Un detto popolare dice: “L’epifania tutte le feste porta via, Sant’Antonio di Gennaio tutte le feste ricominciamo”. Il 17 gennaio si celebra Sant’Antonio, da quel giorno il carnevale entra nel calendario pronto ad allietare i nostri palati con frittelle, castagnole, zeppole, ma anche per far sorridere i nostri animi tra coriandoli, stelle filanti e maschere.
Ma, in un paesino nell’entroterra molisano, l’ultimo che segna il confine con la Campania e la Puglia, il carnevale è anche altro. È tradizione, passione, sentimento: tutto questo ed altro è il Diavolo di Tufara.
Dal 17 gennaio a Tufara si respira un’aria nuova, un’aria elettrizzante che contagia tutti, dal più piccolo al più grande cittadino, per i preparativi per l’uscita del Diavolo nel Martedì Grasso.
Tutta la popolazione è intenta ad organizzare l’evento, i ragazzi a decidere la composizione della squadra e chi farà il diavolo è sempre una sorpresa. Il giorno del Martedì Grasso, ogni anno dalle 14 del pomeriggio, il Diavolo esce dalla sua “caverna” e, incatenato dai suoi guardiani, corre, salta, rotola per le strade del borgo entrando di casa in casa al fine di indure gli abitanti in tentazione. Le sue vesti sono formate da sette pelli cucite minuziosamente sul personaggio che andrà ad incarnare la maschera. Sette sono le pelli tante quante le contrade del paese.

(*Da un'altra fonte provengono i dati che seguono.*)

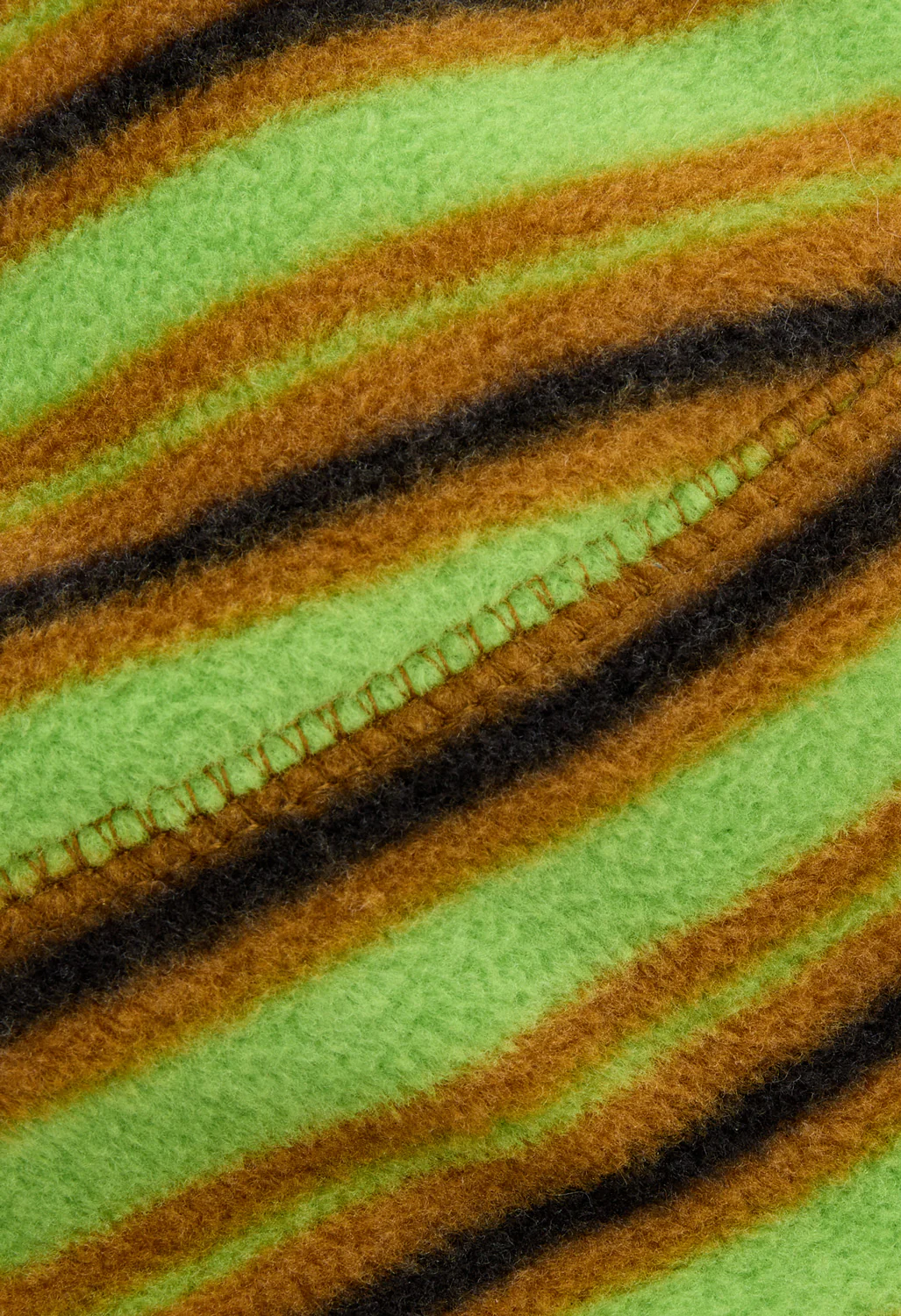 Gramicci Thermal Fleece Beanie - Chartreuse Stripe - Image 4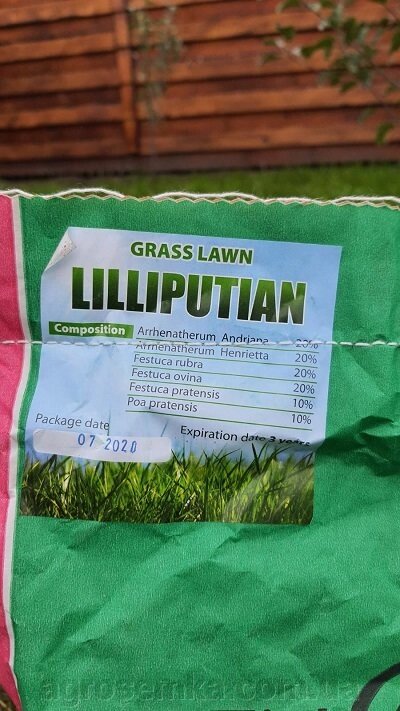 Семена Газонная трава Лилипут, ТМ Green Field RasenSamen (Украина), 4 кг від компанії AgroSemka - фото 1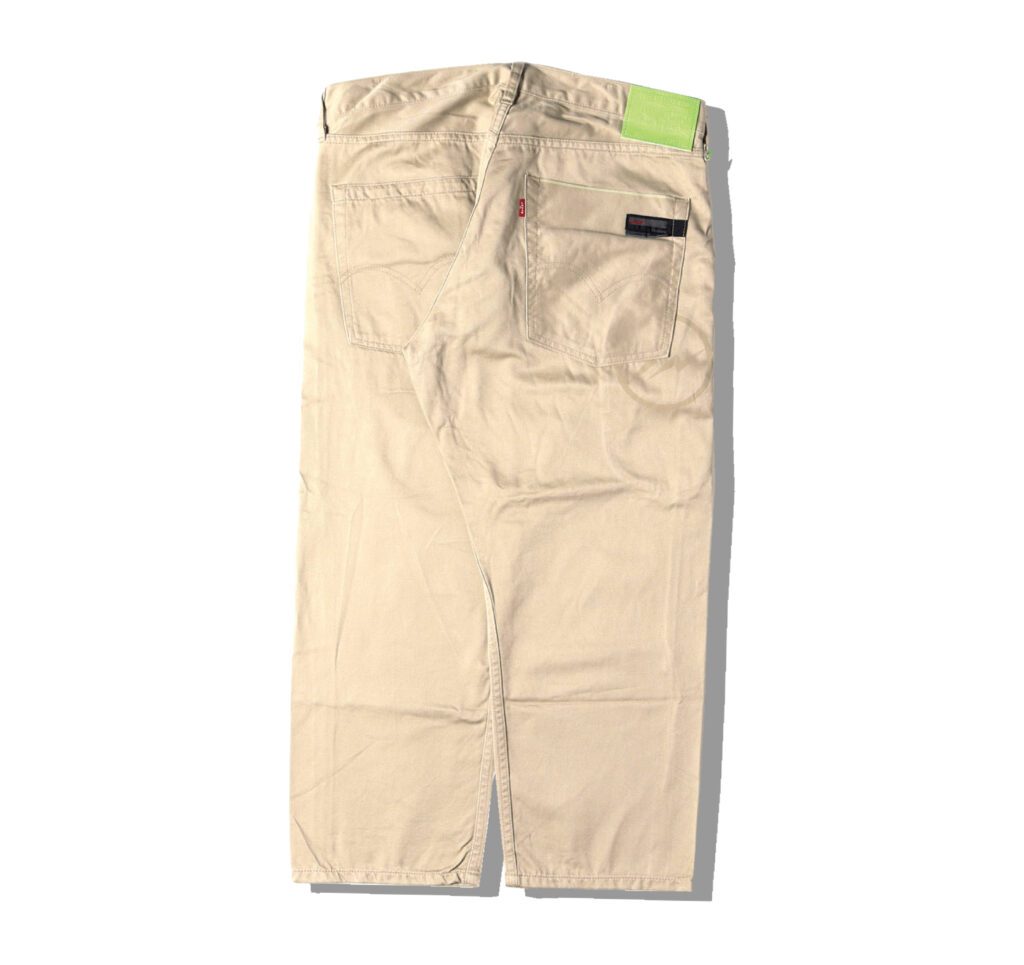 Levi's Fenom 207M Beige Cotton Chino Crop Pants Back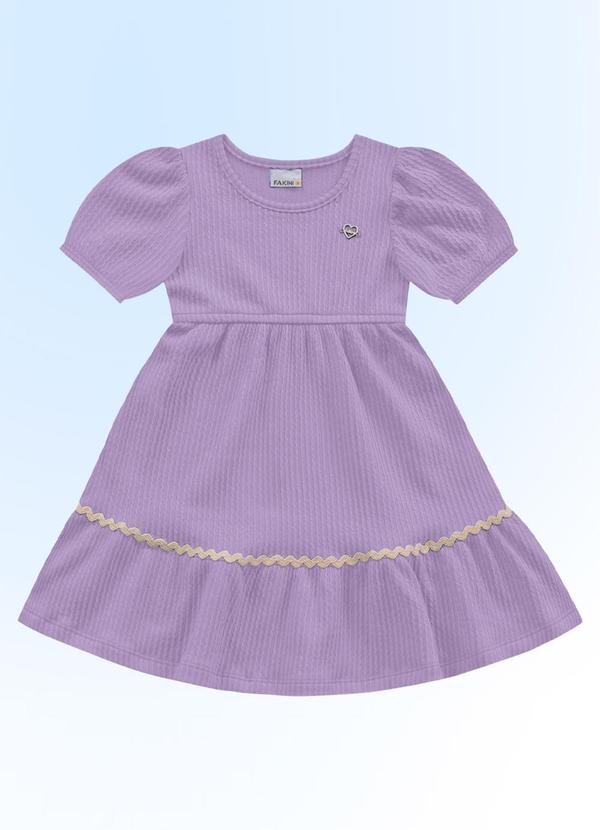Fakini Kids - Vestido Roxo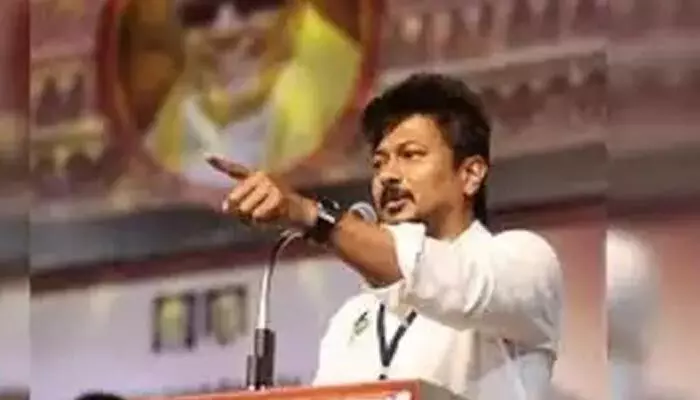 మోడీని ఇంటికి పంపే వరకు నిద్రపోము: డీఎంకే నేత ఉదయనిధి స్టాలిన్ మోడీని ఇంటికి పంపే వరకు నిద్రపోము: డీఎంకే నేత ఉదయనిధి స్టాలిన్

Ad annunciare l’arrivo del Diavolo un monaco con la campana seguito dalle “maschere della morte” che, vestiti in bianco con il volto coperto di farina, sarebbero a simboleggiare la purificazione dai peccati attraverso la morte. Difatti, durante l’avvenuta del Diavolo, loro, con in pugno una falce, simulano il momento del raccolto dopo la morte del seme nel terreno.
A fine giornata l’intera squadra sarà pronta ad aprire le braccia per accogliere la fine del Carnevale al suo Processo. Prima che questo abbia inizio il Padre e la Mamma di quest’ultimo, imprecano la sua salvezza e la sua innocenza. Ma, ai piedi della Fortezza Longobarda, al suono dello sparo di un fucile, la giuria, composta a tre, processa il Carnevale gettandolo ai loro piedi. Il Diavolo lo accoglie portandolo con sé. Il Carnevale così morirà, ma non la speranza che viene rappresentata dal filo del destino che la mamma porta con sé e la culla con dentro un nuovo nascituro portata dal padre, segno di continuità del rito.
L’atmosfera e l’emozione, però, potranno viversi solo andando a Tufara. Sentire l’odore delle pelli di capra del Diavolo, ascoltare i versi dei folletti della morte o il raschiare delle loro falci, sentire il tintilio della campana del monaco sono sensazioni che si avvertono solo vedendole dal vivo.
Quest’anno oltre al 5 marzo, Martedì Grasso, si potrà ammirare la maschera del Diavolo anche domenica 24 febbraio. Insieme sfileranno anche altre maschere antropomorfe italiane: dalla Sardegna al Piemonte, dalla Basilicata alla Puglia per rimanere anche in Molise. Un gemellaggio senza confini geografici e pronto a far rimanere a bocca aperta ogni curioso che farà capolino a Tufara.